My memory bank seems to have had too many withdrawals. I cannot recall such a yo-yo weather pattern. It’s 40 degrees one day and seven degrees the next. It’s difficult to get myself oriented. I am drawn into the greenhouse one day . . . and firmly ensconced in the house the next. As a result I have projects in process all over creation.

Obviously there isn’t much happening in garden world. Bear with me this week as I am all over the place with my observations.

I drove Violet up to Sassafras Earth Education program on Sunday. I do not believe I passed another car from Beetlebung Corner to the Aquinnah town hall. It was a breathtakingly beautiful drive. I hummed the Folliot S. Pierpoint hymn For the Beauty of the Earth because it seemed so fitting. That second verse is great — For the beauty of each hour of the day and of the night. Hill and vale, and tree and flower, sun and moon and stars of light.

There were quite a few turkey vultures overhead. There seems to be an inordinate amount of them around in the past several years. Perhaps I only started noticing them?

One year on my annual Rew, Pa., trip I returned with a deer skin falsely hoping I would tend it and make something. At any rate, it hung on the clothesline for most of the winter. I began noticing a large black bird eyeing the hide.
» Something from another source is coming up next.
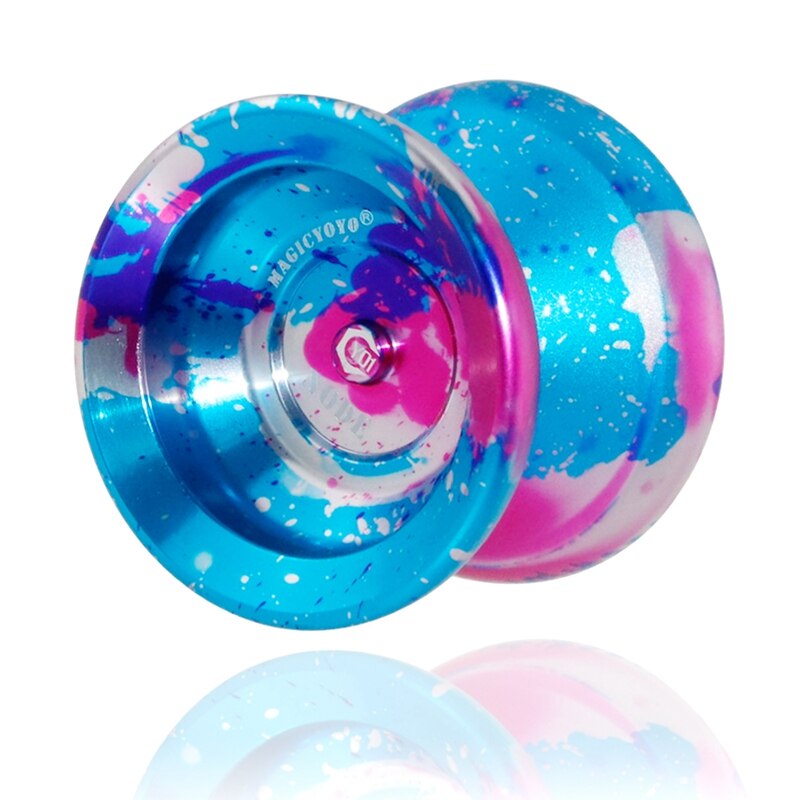 Ic YoYo Y01 Series Professional Metal Yo-Yo - 10 Ball Bearing - High Speed Butterfly Shape - 1A, 3A, 5A Tricks: Default Title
It was bigger than a crow and I didn’t recognize it.

I put in a call to local bird watchers who got all excited, came with binoculars and cameras and identified it as a black vulture. A southern bird, it came north to Gettysburg (Eww) in the mid 19th century. I joked that it followed me and my deerskin from Pennsylvania.

Where was I? Oh, yes. Turkey vultures. They roost on the widow’s walk on top of Phantom Heights, the yellow house between the Tisbury School and Hebrew Center.

I walked the dog recently on Music street. There is an impressive stand of bamboo that is completely impenetrable. It got me thinking about somehow controlling my patch of it to create an animal barrier. I think steel edging placed at least a foot deep would control its relentless spread. It is a wonderful plant — evergreen, useful for stakes and building material, lovely sounding in the wind but it is bound for glory . . . I have the grandsons over every year with machetes to have at it. Left alone, it would invade the house. Craig Kingsbury gave me the starts decades ago. Notice the edge of his property, now Good Farm.

I have started my annual tending of the garden tools. I hauled them all into the greenhouse and have gone through a can of linseed oil on the handles. It makes a huge difference in maintaining the tool not to mention preventing the inevitable splinters.

I have a couple of favorites. One is a broken clam rake found at the old Tisbury landfill in the 70s, with a new handle it has the perfect angle for fluffing up a garden bed. I threaten my garden crew yearly to keep their hands off.

I bought a “Winged Weeder” a few years ago. American-made in Idaho Falls, Idaho, light weight and perfect for newly emerging weeds in a just-planted bed.

Most of my favorites get discontinued or shipped off to be made cheaply in China. I hate that and do my share of complaining to the poor person who answers phones at the company.

At the end of the snowstorm I spent time trying to get snow off the roof of my greenhouse from inside. I found a golf putter was the perfect tool for the job. Don’t even know why I had such an object?

I’ve spent a few days laughing at this little poem from A Prairie Home Companion.

If it’s the dead of winter
why do I feel so alive?
We’re northern people.
In adversity we thrive.

Well, the state of the union address is coming up as I write this. There is nothing more to be said. What a world!